98 N.H. 527 | N.H. | 1953
To the House of Representatives:
The undersigned, the Justices of the Supreme Court, make answer to your resolution with reference to House Bill No. 250, entitled “An Act Relative to the License Fees of Milk Distributors,” with amendment as adopted. 1953 Journal of the House 525-528.
The proposed act would broaden the duties of the Milk Control Board to include promotion, through the activities of a proposed committee, of greater consumption of milk and its products “to the end that such consumption may be encouraged in the interest of public health.” S. 1.

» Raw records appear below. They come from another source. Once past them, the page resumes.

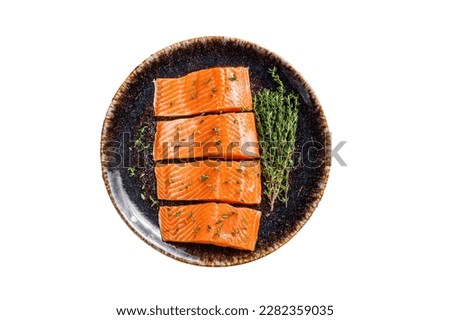 Salmon fillet steaks, raw fish with thyme and herbs. Isolated on white background Royalty-Free Stock Photo #2282359035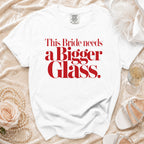 White t-shirt with red text "This Bride needs a Bigger Glass."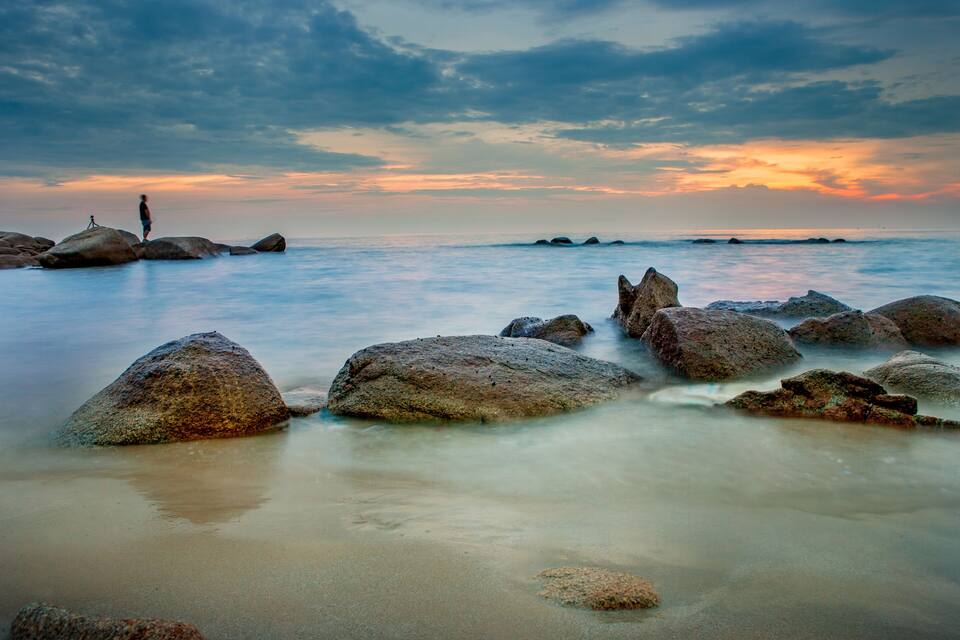 A beach with large rocks and a person standing on one of them.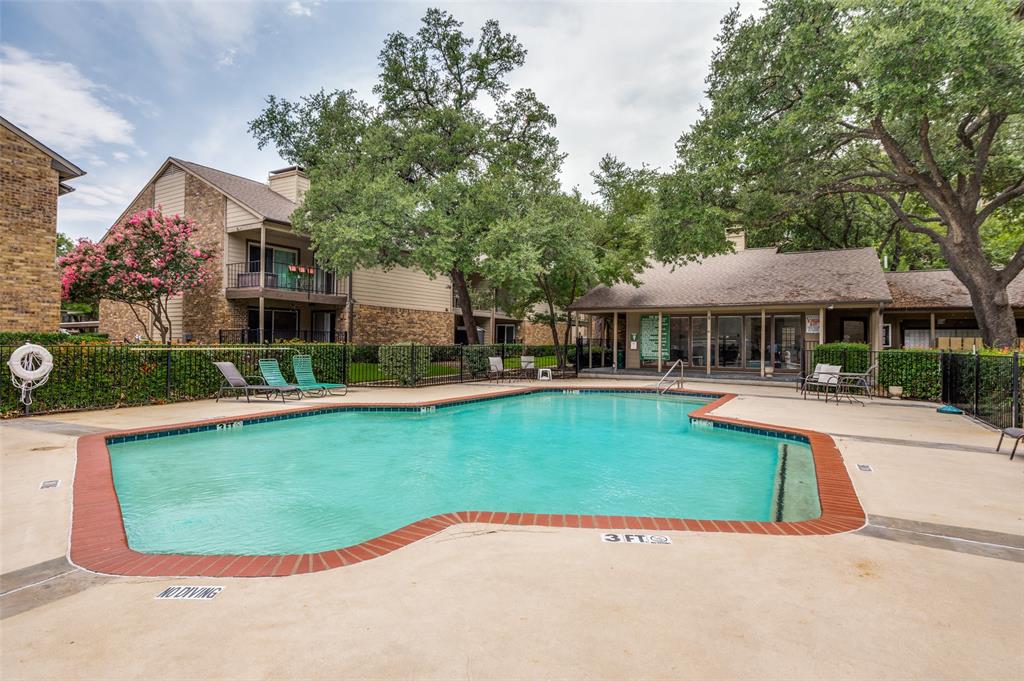 5300 Keller Springs Road, Unit 2042 Dallas, TX 75248 - Photo 26 of 28 Resort-style pool with red brick coping, surrounded by a concrete deck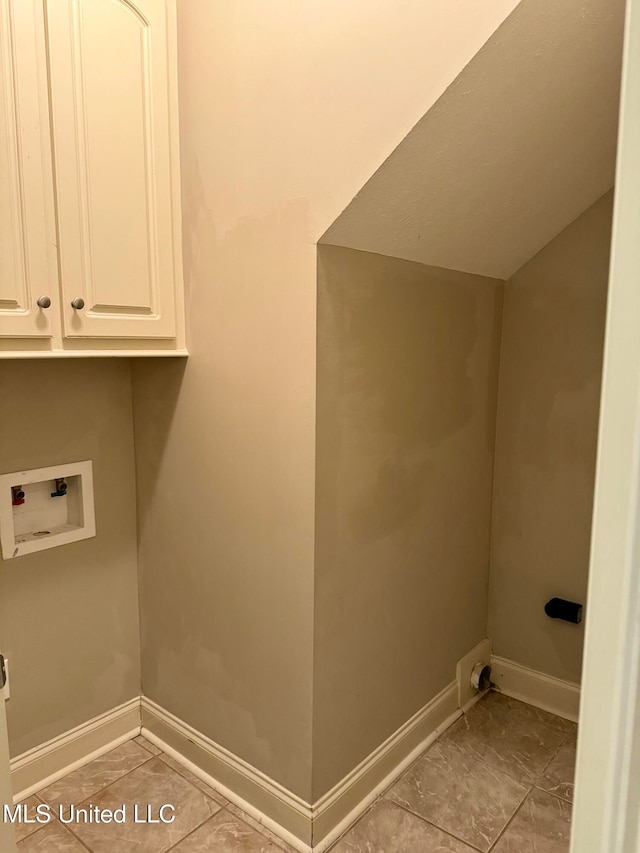 laundry area featuring hookup for an electric dryer, washer hookup, light tile patterned floors, and cabinets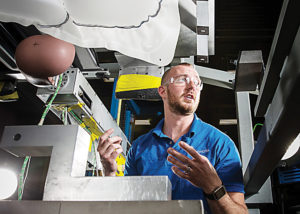 Toyota technician and WCC graduate John Smith explains airbag and component testing. (Brian Watkins/Toyota)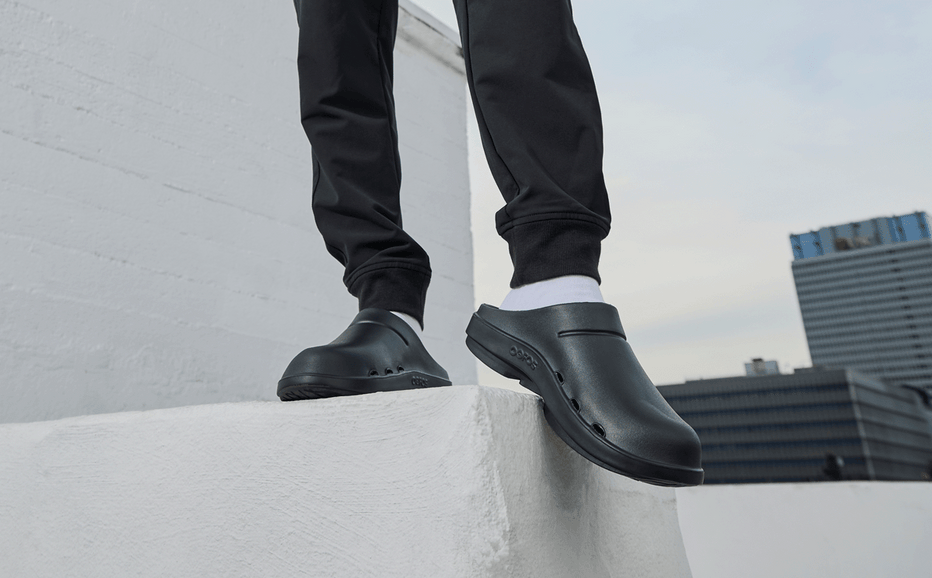 Men's OOcloog Clog - Black model standing on block outside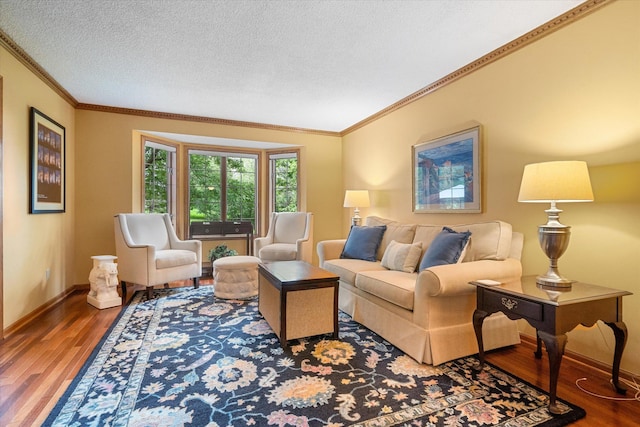 living room with a textured ceiling, crown molding, vaulted ceiling, and hardwood / wood-style flooring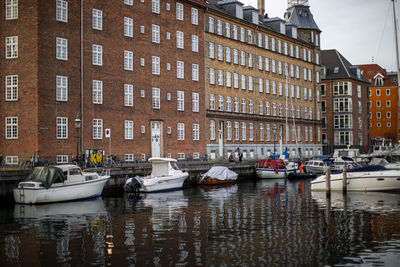 Sailboats moored on canal by buildings in city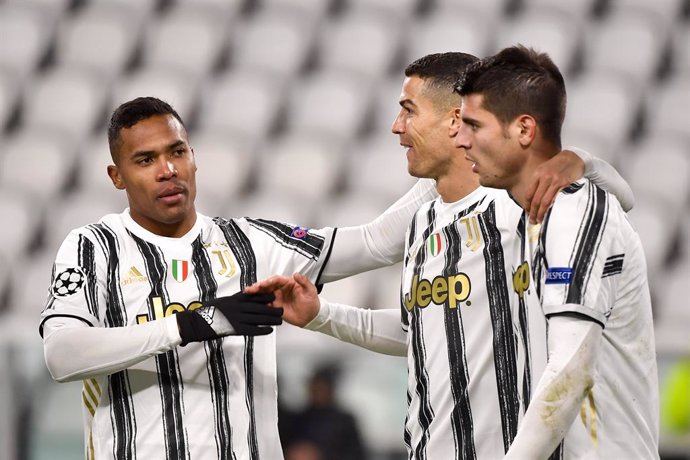 02 December 2020, Italy, Turin: Juventus' Alvaro Morata (R) celebrates scoring his side's third goal with his team mates Alex Sandro (L) and Cristiano Ronaldo during the UEFA Champions League Group G soccer match between Juventus FC and FC Dynamo Kyiv a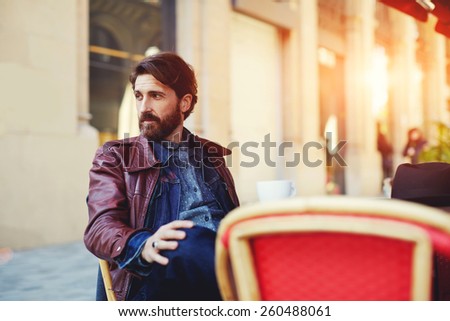 Portrait of handsome and stylish man with beard enjoying a cup of coffee in a coffee shop, adult fashionable hipster having coffee in beautiful cafe terrace at sunny day, flare sun light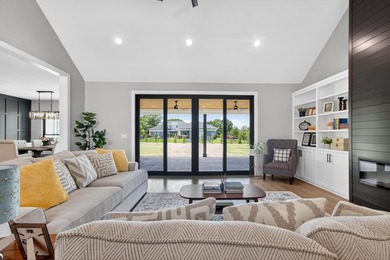 Welcome to this stunning 4-bedroom, 3-bathroom home in the gated - photo 19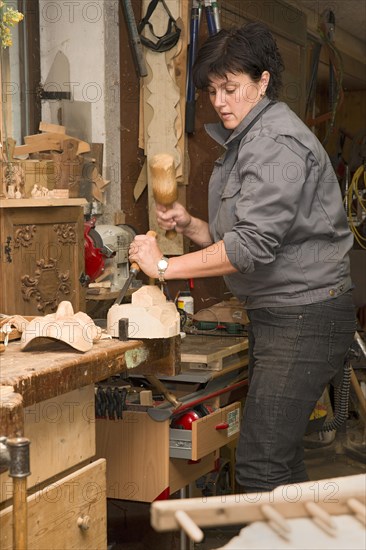 Young farmer carving traditional masks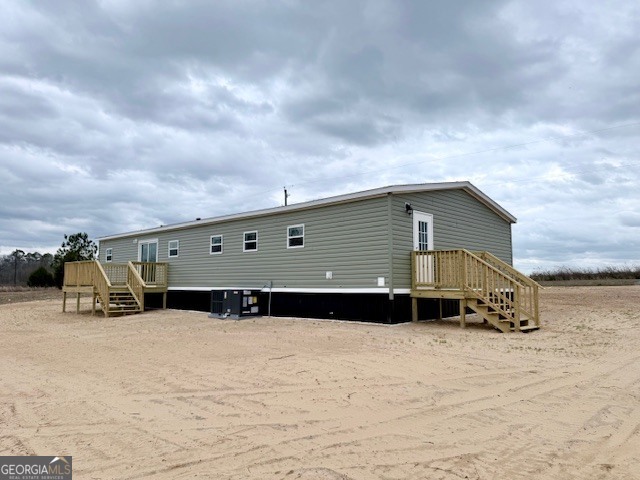 683 Evergreen Church Road Cobbtown, GA 30420 - Photo 32 of 32 a front view of a house with a yard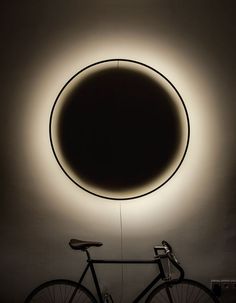 a bicycle is parked in front of a circular light that's on the wall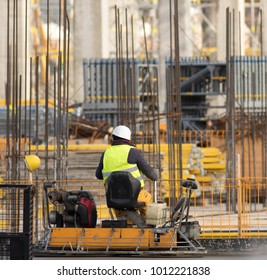 Worker with Concrete Pavements machine at the constructio site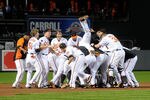 BALTIMORE, MD - SEPTEMBER 28:  Robert Andino #11 of the Baltimore Orioles is mobbed by teammates after driving in the game winning run in the ninth inning against the Boston Red Sox at Oriole Park at Camden Yards on September 28, 2011 in Baltimore, Maryland. Baltimore won the game 4-3.  (Photo by Greg Fiume/Getty Images)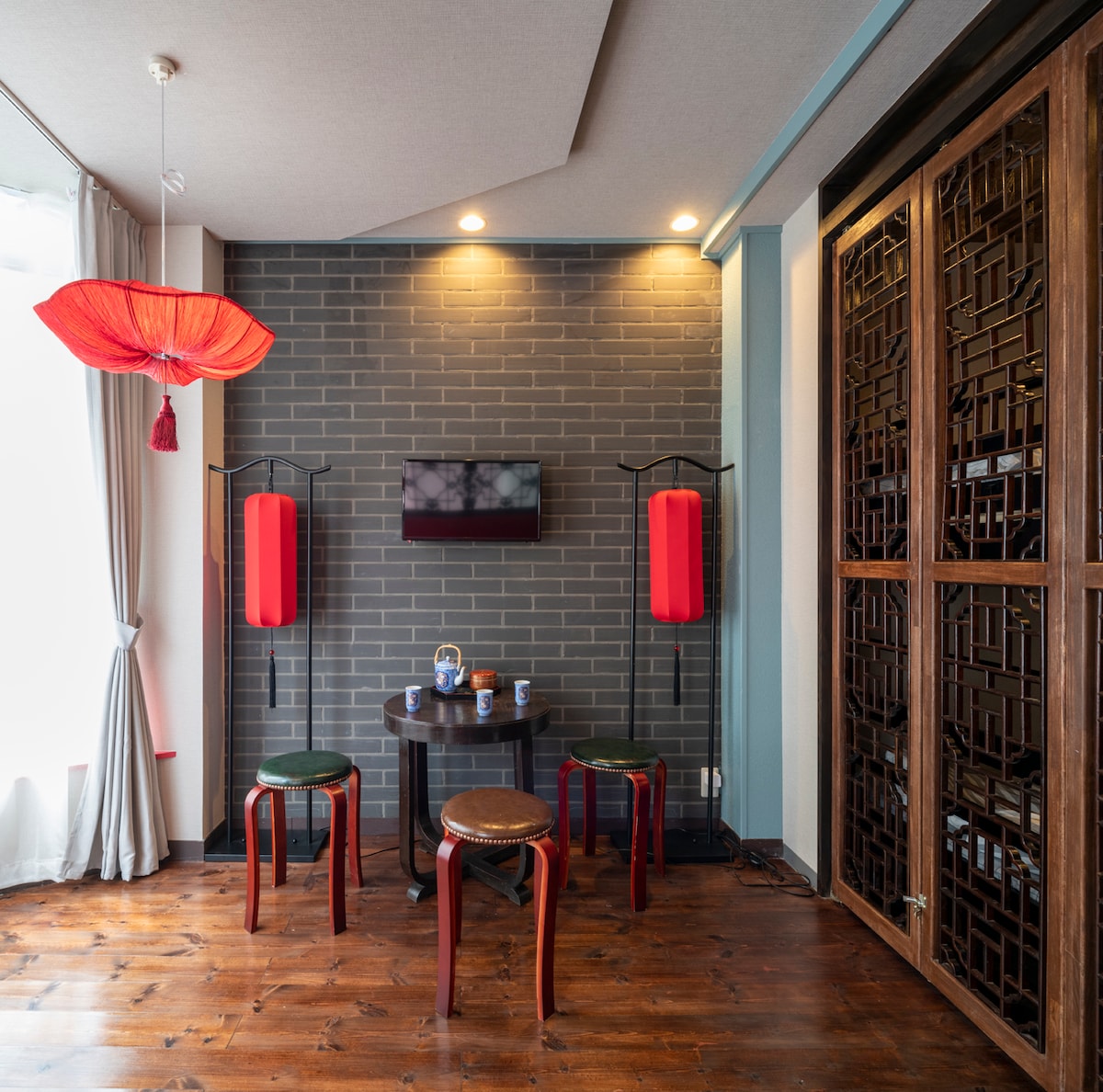 A modern Shanghai-style room features a wooden floor and a gray brick accent wall. Two red lanterns hang overhead, complemented by a black television mounted on the wall. A small dining area is set up with a round table and two red chairs near a decorative wooden screen.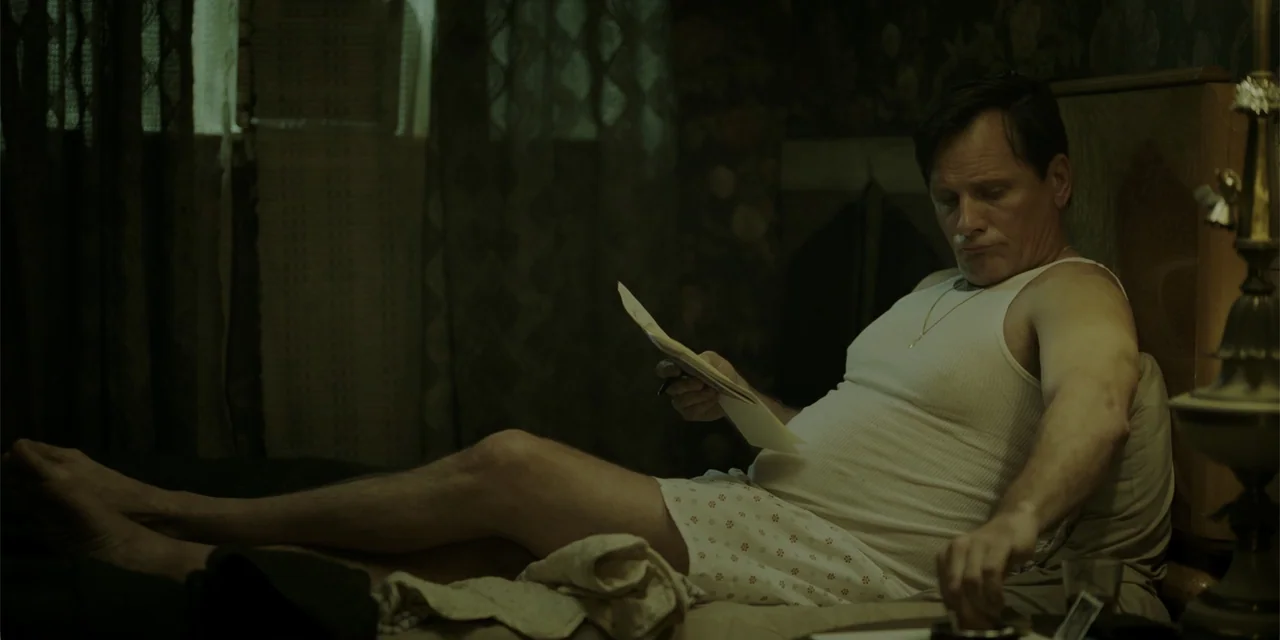 Green Book (2018) movie still: medium — A dimly lit bedroom features floral patterned wallpaper and a bedside lamp with a shade. A man sits upright…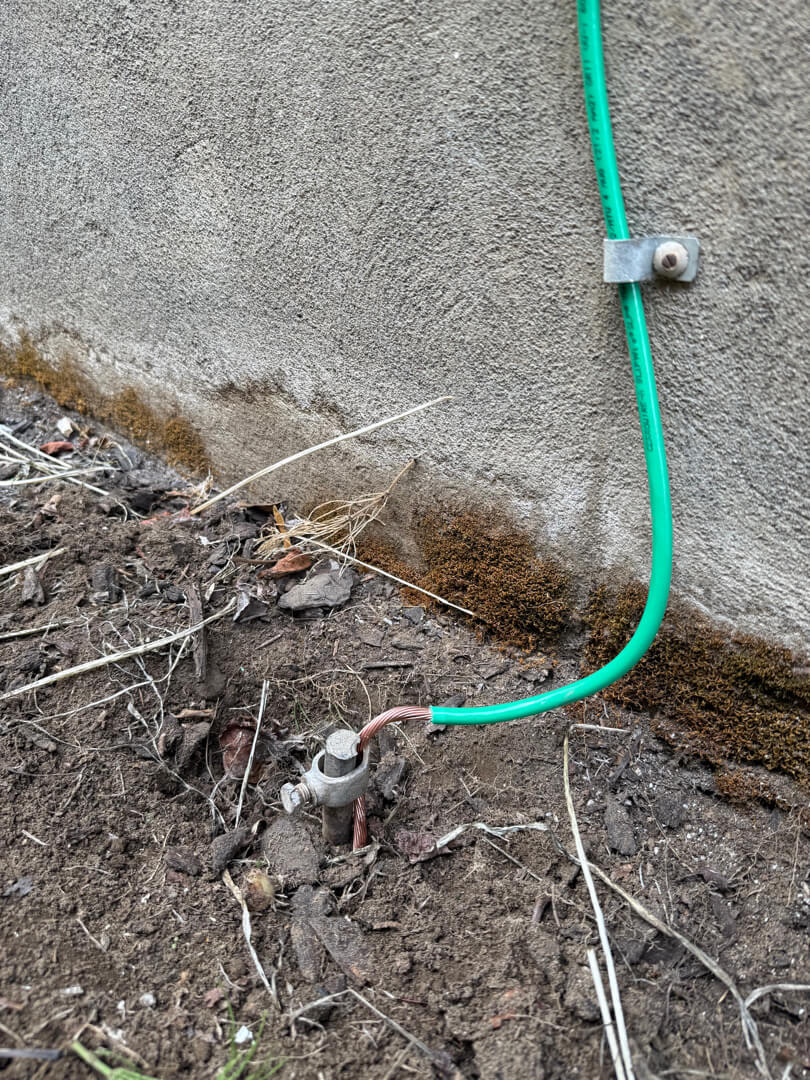 Grounding wire routed along exterior foundation during electrical panel and wiring upgrade in Portland OR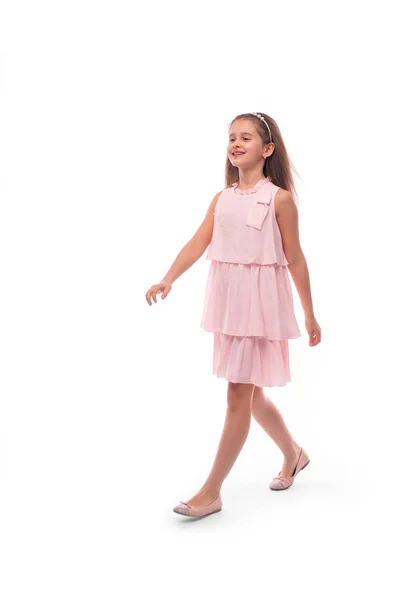 Studio plan d'une petite fille souriante portant une robe de soleil rose sur un — Photo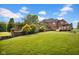 Expansive backyard featuring a brick home, manicured lawn, brick wall, and deck, ideal for outdoor enjoyment at 12945 E 100 N, Columbus, IN 47203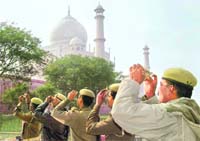 Jawans observe the eclipse near Taj Mahal in Agra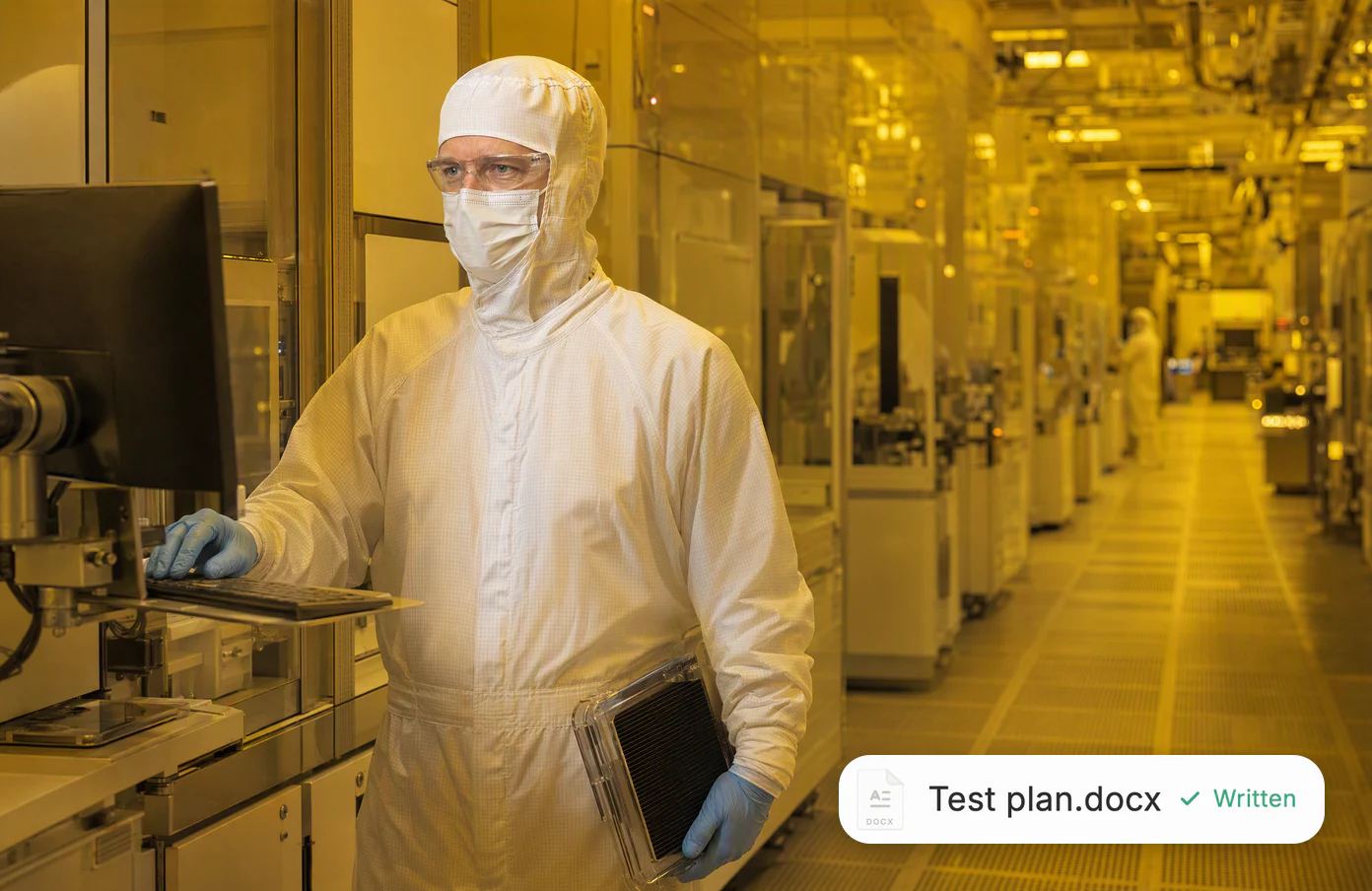 Erik, a process engineer in a full cleanroom suit, at a fab terminal under amber lithography light; a test plan, written.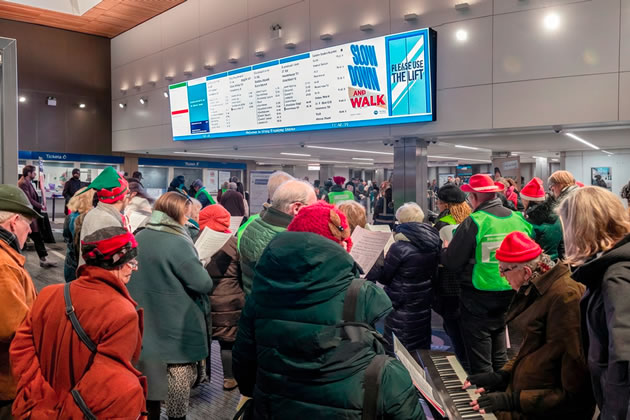 Carol singers at Ealing Broadway station. Picture: Roger Green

The license fees imposed on distributors under the present law (R. L. c. 196, s. 8) would be substantially increased (s. 2) and the Board is authorized to pay to the committee “not exceeding sixty per cent of the gross income from licenses” (which would apparently approximate the yield attributable to the increases in fees) to be expended “in disseminating information concerning the use of milk in the interest of public health.” S. 3.
There can be no quarrel with the proposition that the valid exercise of the police power extends to regulations for the protection of public health. State v. Normand, 76 N. H. 541; Chung Mee v. Healy, 86 N. H. 483, 484; Cloutier v. Board, 92 N. H. 199.
The declared purpose of the proposed act is to protect public health by the promotion of the sale of milk. This is -not of itself an invalid purpose. See Conway v. Water Resources Board, 89 N. H. 346, 350. Validity of the bill, however, must be determined by its essential characteristics rather than its declared purpose. “A State law, although apparently for the protection of the public health, will be scrutinized as to its results in actual practice to ascertain its essential characteristics, and will not be upheld merely because of its declared purpose.” Opinion of the Justices, 87 N. H. 496, 497. The declared purpose is to be accomplished through funds derived from increases in the license fees presently imposed upon milk distributors, a portion of which may be by them charged back to milk producers (s. 2). It is not proposed to impose a tax of general application in the nature of a sales tax (see Opinion of the Justices, 94 N. H. 506, 508) nor is there occasion for us to consider the validity of the proposed measure as such a tax, since there is clearly no purpose to regulate by a tax calculated to discourage use of the product involved. State v. Express Co.,
The burden of the measure would fall upon the milk distributor, as a license fee. It is well established under our law that permissible license fees are those which “do not exceed the probable expense of issuing the licenses . . . and regulating the business.” Marine Corps League v. Benoit, 96 N. H. 423, 426, and cases cited. See also, Opinion of the Justices, 88 N. H. 497, 499; State v. Cox, 91 N. H. 137, 144. While such fees are not invalid merely because some surplus revenue is produced (Opinion of the Justices, 94 N. H. 501, 504), they must be incidental to regulation and not primarily for the purpose of producing revenue. State v. Angelo, 71 N. H. 224, 229; State v. Cox, supra.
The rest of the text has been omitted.